Minimizing the use of hardcoded workers lowers the risk for overusing the system/machines.

Having said this, I don't have access to a Slurm cluster, so I haven't been able to test future::availableCores() there. It's is currently only looking at SLURM_CPUS_PER_TASK - are there other env vars it should acknowledge? Please comment https://github.com/HenrikBengtsson/future/issues/22 if you think this can be improved. Thanks.

pat-s commented 5 years ago

For Slurm, cpus-per-task can be specified by the user. If the value set > number of workers on a node, the job won't start (bc resources are not available).

So now, if the user wants to use all available cores on at least one target, one has to set cpus-per-task to the maximum amount of cpus that the node supports.

If one uses future::availableCores() for within-target parallelism, this works fine unless all targets can deal with the maximum amount of workers.

However, there might be cases in which one loops over a list of length 10 for one target but the user knows that the node can (for whatever reason, most often memory) just deal with a parallelization level of 3. In these cases, using future::availableCores() would overload the node.

The user now has two options:

  1. Either limit the amount of within-target workers to the lower amount possible that works for all targets

  2. Adjust the problematic targets to prevent those from possibly using all cores, e.g. by looping over sub-chunks of the desired list.

1) "Slows down" the plan. 2) Is tedious

Usually this problems applies to targets that either take long to run or take a huge amount of memory. And especially for these targets it would be very helpful to have a parallelization at the maximum amount of possible workers.

I know this is already possible for "transient" workers with future. Hopefully we can get this going soon for "non-transient" workers somehow in the future.

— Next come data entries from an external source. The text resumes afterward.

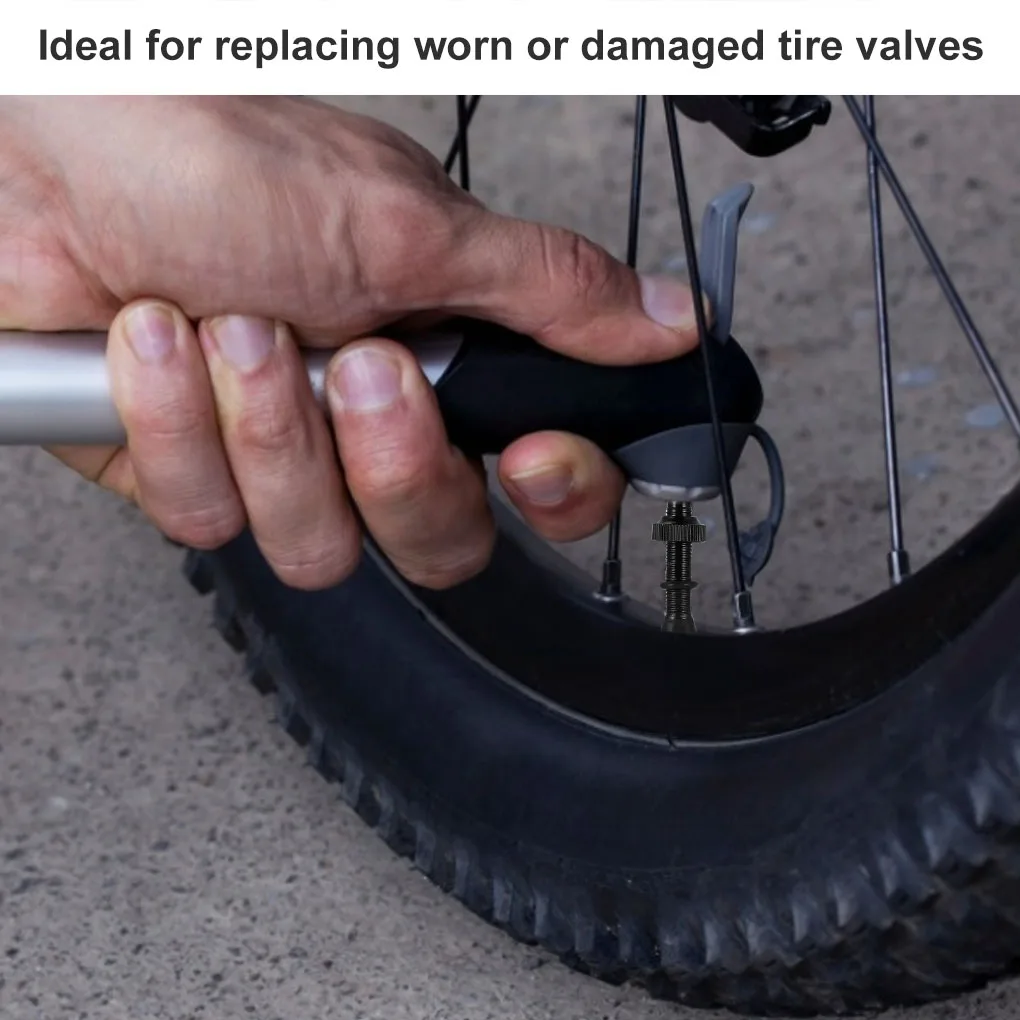 Bicycle Tire Valves 2Pcs Alloy Core Tubeless 48/54/58/60mm for Mountain Road Bike bicycle tubeless valve,bicycle valve,bicycle air valve,bicycle valve core,tire valve core,bicycle air nozzle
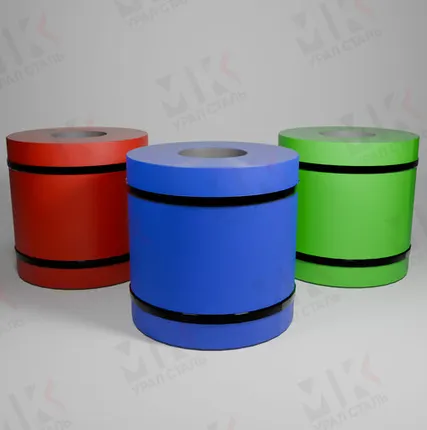 Фото №0 Рулон с полимерным покрытием 0,8 мм сталь 08пс ГОСТ 52146-2003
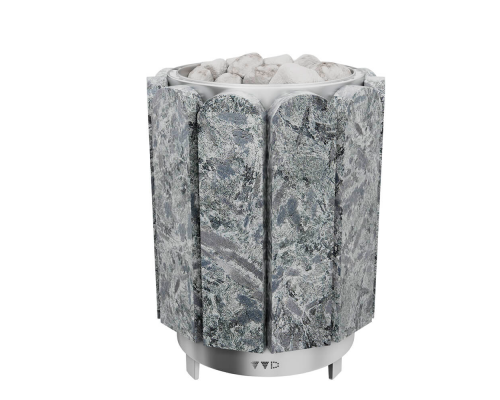 Электрическая печь VVD Премьера 24 кВт, серпентинит «Бархат» Премьера 24СБ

Sorry if all of this was maybe already crystal-clear to all of you.

Minimizing the use of hardcoded workers lowers the risk for overusing the system/machines.

Doesn't it do the opposite in fact? In case where the specified number of workers > number of workers available, the job won't start. But if workers are not limited, some targets might overload the server. Or am I wrong here?